• SUPPLIED MATERIAL:
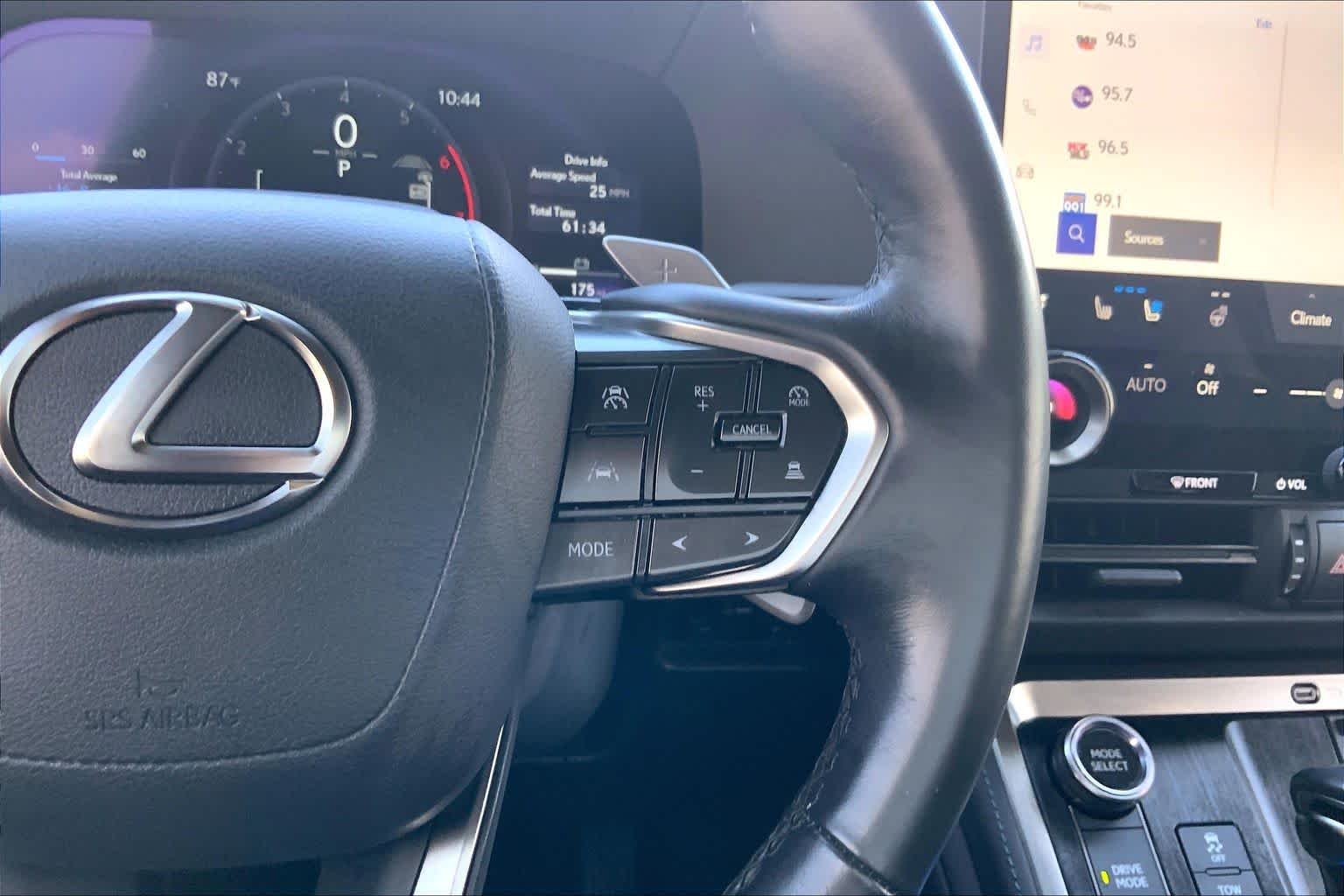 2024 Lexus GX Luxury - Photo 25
--
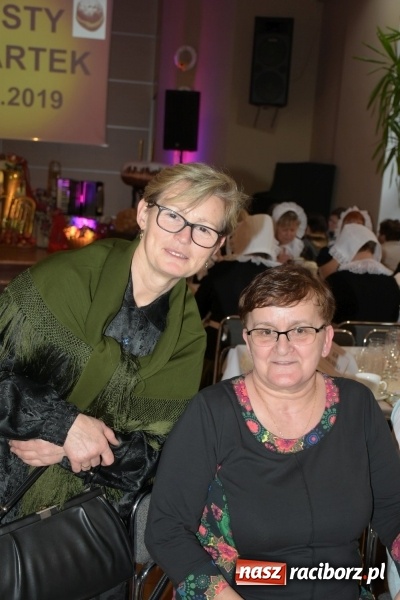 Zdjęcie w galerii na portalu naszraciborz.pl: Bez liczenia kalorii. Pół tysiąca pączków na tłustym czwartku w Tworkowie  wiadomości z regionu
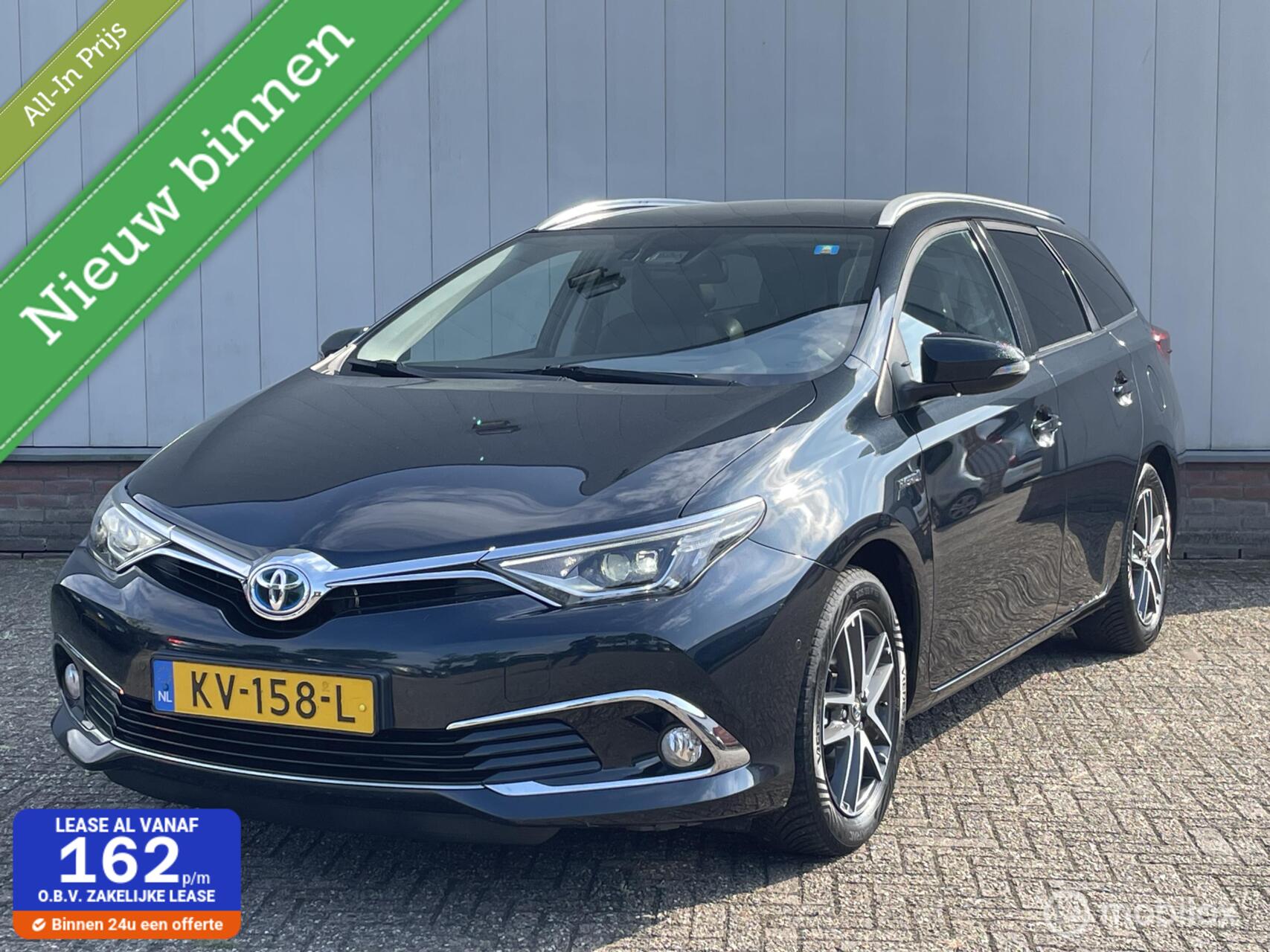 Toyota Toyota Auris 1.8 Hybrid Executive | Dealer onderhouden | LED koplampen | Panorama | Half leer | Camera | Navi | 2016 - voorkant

• EXERCISE DETAILS: Find where the line with "Zdjęcie w galerii" sits in the material above and where the line with "Toyota Toyota Auris" sits. Set down exactly the lines from the first to the second, both included and nothing else, without pictures.

• RESPONSE BELOW:
 Zdjęcie w galerii na portalu naszraciborz.pl: Bez liczenia kalorii. Pół tysiąca pączków na tłustym czwartku w Tworkowie  wiadomości z regionu
 Toyota Toyota Auris 1.8 Hybrid Executive | Dealer onderhouden | LED koplampen | Panorama | Half leer | Camera | Navi | 2016 - voorkant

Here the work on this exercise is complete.